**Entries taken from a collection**
╔══

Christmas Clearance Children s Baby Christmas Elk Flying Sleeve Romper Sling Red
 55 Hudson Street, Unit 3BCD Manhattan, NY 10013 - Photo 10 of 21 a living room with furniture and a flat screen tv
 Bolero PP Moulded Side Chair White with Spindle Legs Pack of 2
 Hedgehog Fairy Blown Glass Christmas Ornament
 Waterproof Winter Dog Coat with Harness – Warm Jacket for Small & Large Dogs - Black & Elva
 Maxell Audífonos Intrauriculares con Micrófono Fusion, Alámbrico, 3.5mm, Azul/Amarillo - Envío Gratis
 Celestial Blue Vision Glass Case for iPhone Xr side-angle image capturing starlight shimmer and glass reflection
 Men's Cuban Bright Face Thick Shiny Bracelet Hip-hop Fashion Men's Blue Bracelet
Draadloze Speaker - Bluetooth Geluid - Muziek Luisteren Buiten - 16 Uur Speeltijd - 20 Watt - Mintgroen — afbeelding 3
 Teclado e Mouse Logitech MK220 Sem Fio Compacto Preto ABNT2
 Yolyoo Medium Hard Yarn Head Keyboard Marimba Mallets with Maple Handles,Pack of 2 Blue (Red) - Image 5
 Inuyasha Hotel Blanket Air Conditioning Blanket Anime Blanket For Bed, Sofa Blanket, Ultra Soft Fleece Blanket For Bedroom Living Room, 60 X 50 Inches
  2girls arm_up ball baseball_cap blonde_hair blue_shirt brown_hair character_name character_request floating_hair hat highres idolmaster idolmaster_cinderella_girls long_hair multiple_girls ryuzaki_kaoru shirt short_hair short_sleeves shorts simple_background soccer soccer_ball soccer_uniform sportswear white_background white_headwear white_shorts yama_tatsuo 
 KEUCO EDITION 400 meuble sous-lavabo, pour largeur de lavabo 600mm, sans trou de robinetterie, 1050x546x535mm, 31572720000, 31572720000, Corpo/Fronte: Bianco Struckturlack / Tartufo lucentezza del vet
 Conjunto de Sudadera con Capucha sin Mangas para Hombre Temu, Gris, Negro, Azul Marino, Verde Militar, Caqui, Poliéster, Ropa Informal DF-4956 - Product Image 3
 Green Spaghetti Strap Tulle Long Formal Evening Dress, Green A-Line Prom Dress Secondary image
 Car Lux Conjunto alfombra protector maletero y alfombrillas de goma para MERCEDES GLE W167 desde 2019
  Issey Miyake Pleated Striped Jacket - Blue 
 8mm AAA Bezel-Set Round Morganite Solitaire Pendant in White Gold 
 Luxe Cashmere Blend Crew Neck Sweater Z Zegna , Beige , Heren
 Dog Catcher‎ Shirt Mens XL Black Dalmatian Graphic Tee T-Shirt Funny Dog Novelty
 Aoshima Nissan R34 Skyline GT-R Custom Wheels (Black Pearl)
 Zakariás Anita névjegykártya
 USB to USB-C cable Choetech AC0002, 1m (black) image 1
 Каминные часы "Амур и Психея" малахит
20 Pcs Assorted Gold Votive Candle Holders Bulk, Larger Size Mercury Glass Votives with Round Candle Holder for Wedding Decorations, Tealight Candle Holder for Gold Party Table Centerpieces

╚══

**What you are asked to do**
Return, unchanged, the run of lines above that opens with the line containing "Draadloze Speaker - Bluetooth" and closes with the line containing "2girls arm_up ball". Include both.

**Reply**
Draadloze Speaker - Bluetooth Geluid - Muziek Luisteren Buiten - 16 Uur Speeltijd - 20 Watt - Mintgroen — afbeelding 3
 Teclado e Mouse Logitech MK220 Sem Fio Compacto Preto ABNT2
 Yolyoo Medium Hard Yarn Head Keyboard Marimba Mallets with Maple Handles,Pack of 2 Blue (Red) - Image 5
 Inuyasha Hotel Blanket Air Conditioning Blanket Anime Blanket For Bed, Sofa Blanket, Ultra Soft Fleece Blanket For Bedroom Living Room, 60 X 50 Inches
  2girls arm_up ball baseball_cap blonde_hair blue_shirt brown_hair character_name character_request floating_hair hat highres idolmaster idolmaster_cinderella_girls long_hair multiple_girls ryuzaki_kaoru shirt short_hair short_sleeves shorts simple_background soccer soccer_ball soccer_uniform sportswear white_background white_headwear white_shorts yama_tatsuo 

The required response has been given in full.